-- Provided records --
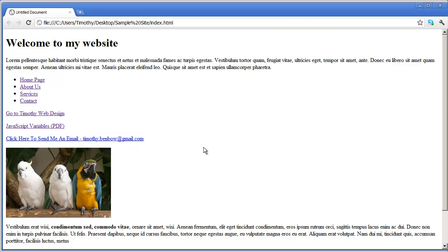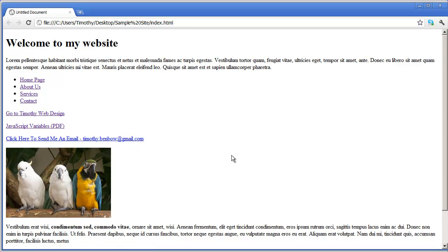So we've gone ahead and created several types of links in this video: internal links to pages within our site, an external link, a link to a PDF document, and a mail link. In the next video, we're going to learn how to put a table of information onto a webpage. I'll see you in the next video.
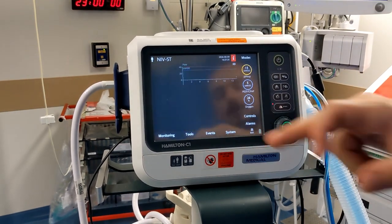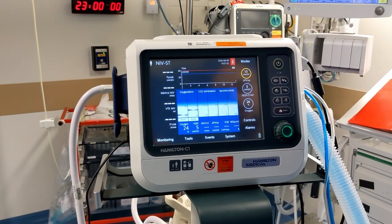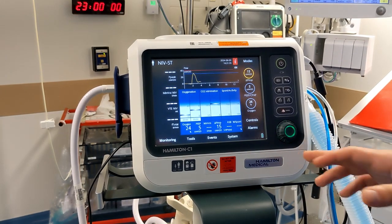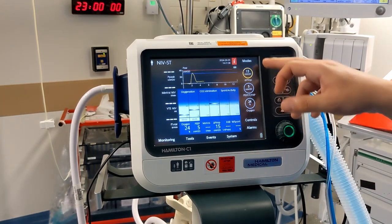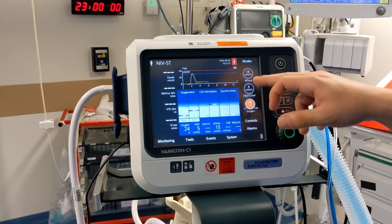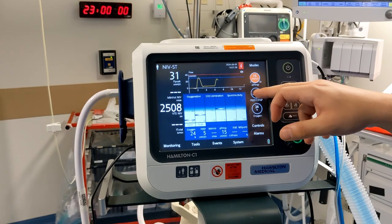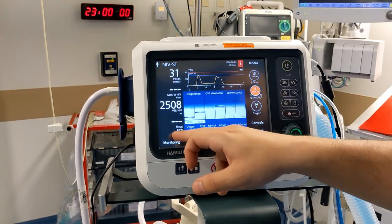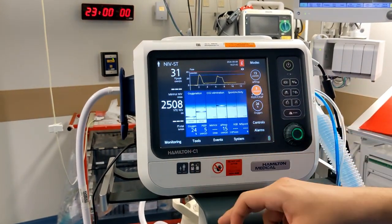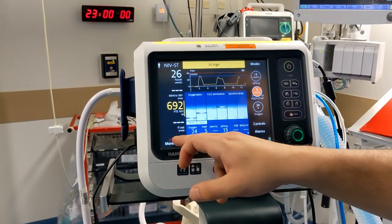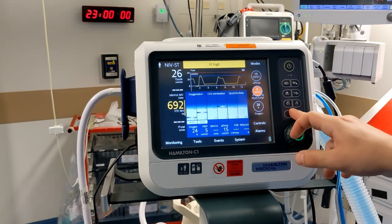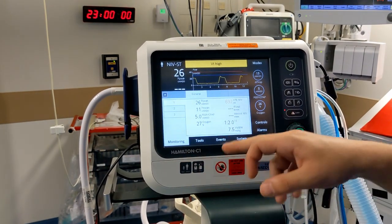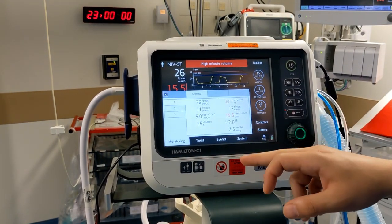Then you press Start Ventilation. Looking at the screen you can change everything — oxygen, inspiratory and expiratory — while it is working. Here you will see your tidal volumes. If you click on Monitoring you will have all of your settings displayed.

--

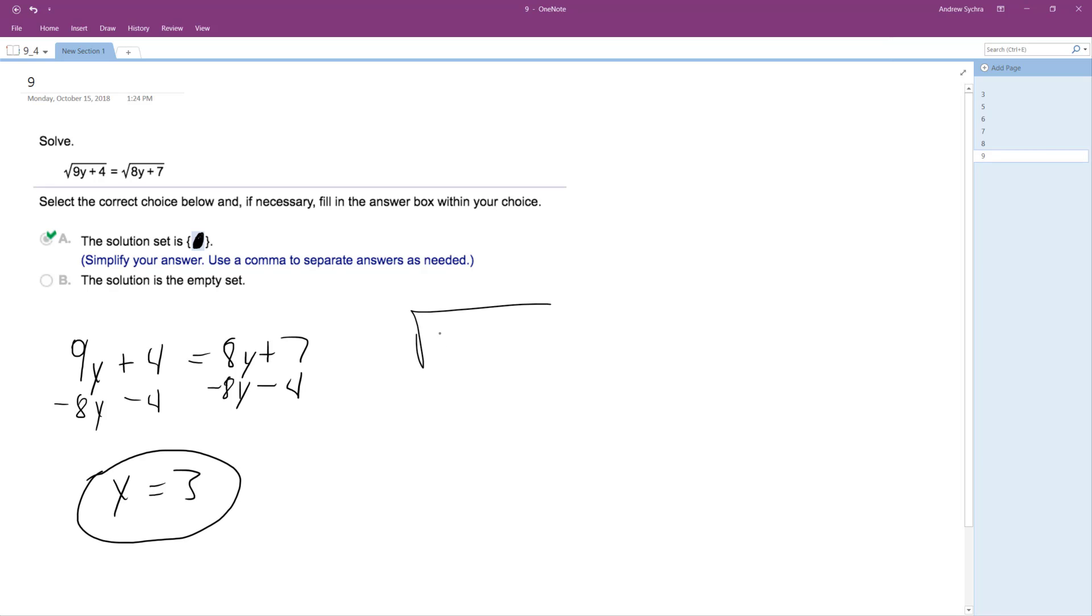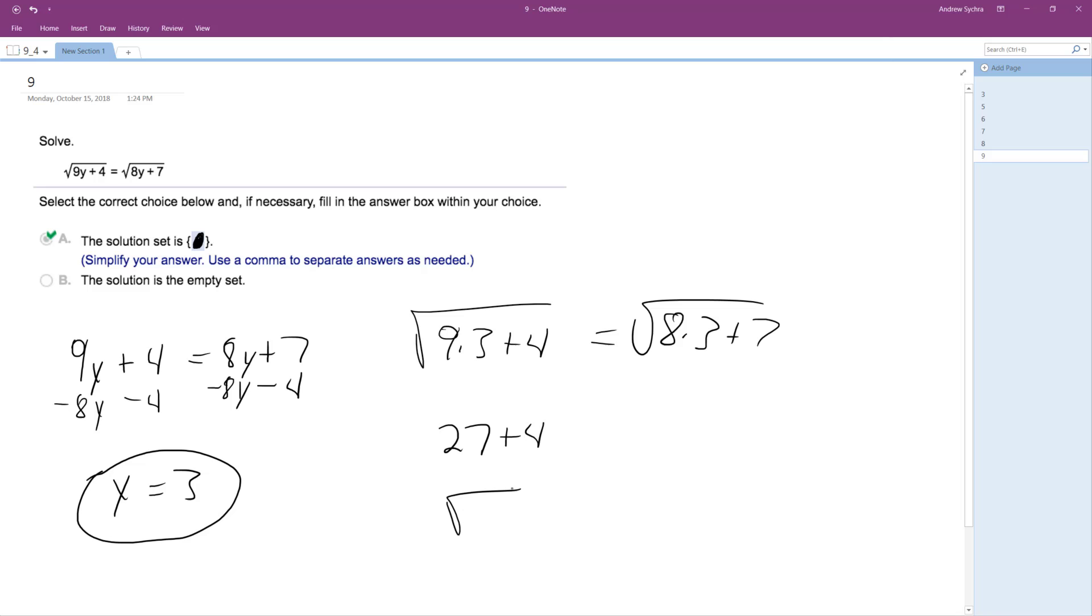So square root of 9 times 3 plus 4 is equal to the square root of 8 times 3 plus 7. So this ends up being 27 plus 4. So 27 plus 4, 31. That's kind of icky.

* * *

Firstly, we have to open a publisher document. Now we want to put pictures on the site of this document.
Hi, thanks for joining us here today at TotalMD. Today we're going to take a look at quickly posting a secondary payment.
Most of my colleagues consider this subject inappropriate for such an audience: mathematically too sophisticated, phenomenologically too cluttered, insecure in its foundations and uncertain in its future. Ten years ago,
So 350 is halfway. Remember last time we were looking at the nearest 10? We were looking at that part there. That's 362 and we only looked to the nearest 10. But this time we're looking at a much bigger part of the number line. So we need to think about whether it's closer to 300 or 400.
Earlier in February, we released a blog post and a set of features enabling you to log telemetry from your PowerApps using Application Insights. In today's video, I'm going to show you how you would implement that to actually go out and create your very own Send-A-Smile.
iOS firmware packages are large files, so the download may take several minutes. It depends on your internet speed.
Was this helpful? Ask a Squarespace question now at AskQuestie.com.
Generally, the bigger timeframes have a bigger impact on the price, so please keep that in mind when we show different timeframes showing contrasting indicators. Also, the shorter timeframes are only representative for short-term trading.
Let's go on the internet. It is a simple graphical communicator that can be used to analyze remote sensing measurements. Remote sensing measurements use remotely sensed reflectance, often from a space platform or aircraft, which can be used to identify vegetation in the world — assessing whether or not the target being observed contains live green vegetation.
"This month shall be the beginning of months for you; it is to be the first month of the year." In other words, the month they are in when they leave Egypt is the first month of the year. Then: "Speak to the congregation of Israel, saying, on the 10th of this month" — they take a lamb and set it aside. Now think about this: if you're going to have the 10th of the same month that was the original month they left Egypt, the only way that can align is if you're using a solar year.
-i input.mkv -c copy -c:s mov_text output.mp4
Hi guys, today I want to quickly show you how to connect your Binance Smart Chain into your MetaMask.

-- Instructions to follow --
In the listing above, find the line with "So we've gone" and the line with "Then you press". Copy both of them and every line between, exactly, but not the pictures.

-- Answer --
So we've gone ahead and created several types of links in this video: internal links to pages within our site, an external link, a link to a PDF document, and a mail link. In the next video, we're going to learn how to put a table of information onto a webpage. I'll see you in the next video.
Then you press Start Ventilation. Looking at the screen you can change everything — oxygen, inspiratory and expiratory — while it is working. Here you will see your tidal volumes. If you click on Monitoring you will have all of your settings displayed.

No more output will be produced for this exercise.